What is required
Please restate, exactly as they appear, only the lines from the one that contains "-童恩贝贝专业儿童摄影(浐灞新城4期店)" to the final line of the entries, with no pictures.
╭──
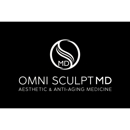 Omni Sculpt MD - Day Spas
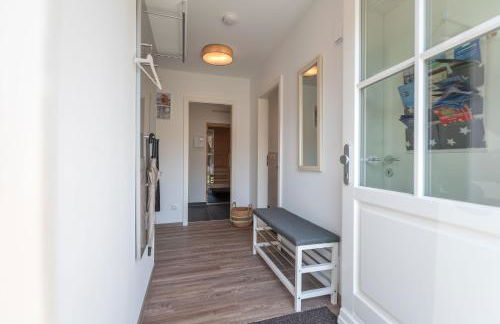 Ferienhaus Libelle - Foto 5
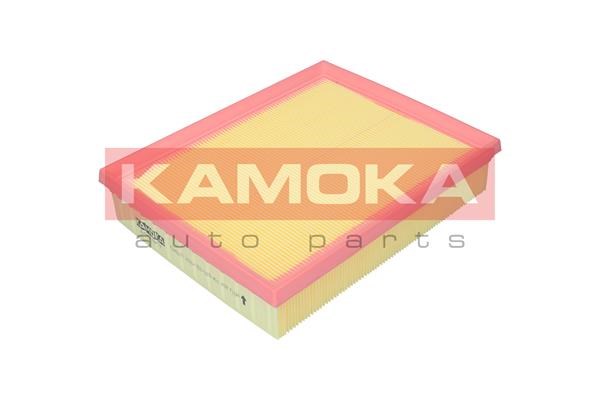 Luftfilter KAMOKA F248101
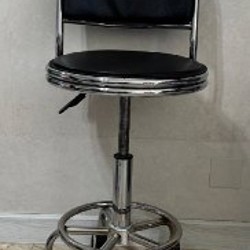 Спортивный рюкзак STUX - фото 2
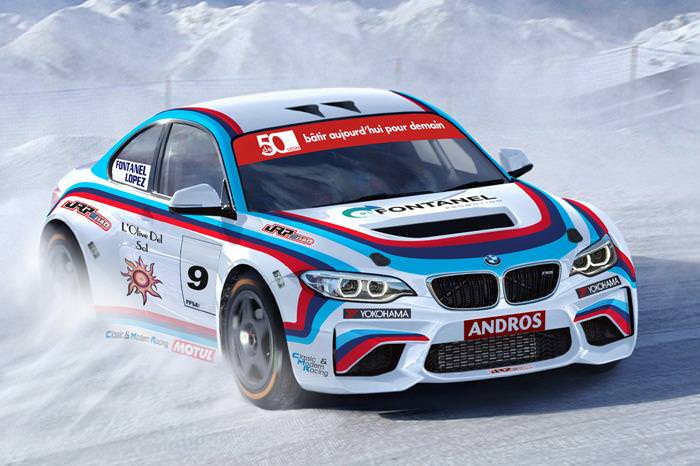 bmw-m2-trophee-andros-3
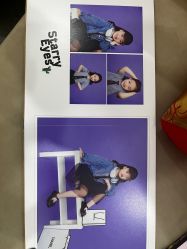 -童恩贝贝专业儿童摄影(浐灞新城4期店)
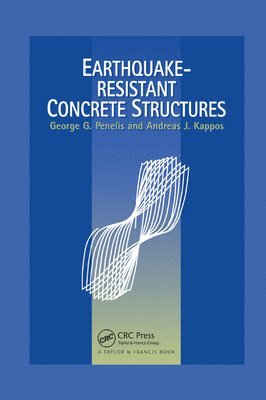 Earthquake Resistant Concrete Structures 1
╰──
Result
 -童恩贝贝专业儿童摄影(浐灞新城4期店)
 Earthquake Resistant Concrete Structures 1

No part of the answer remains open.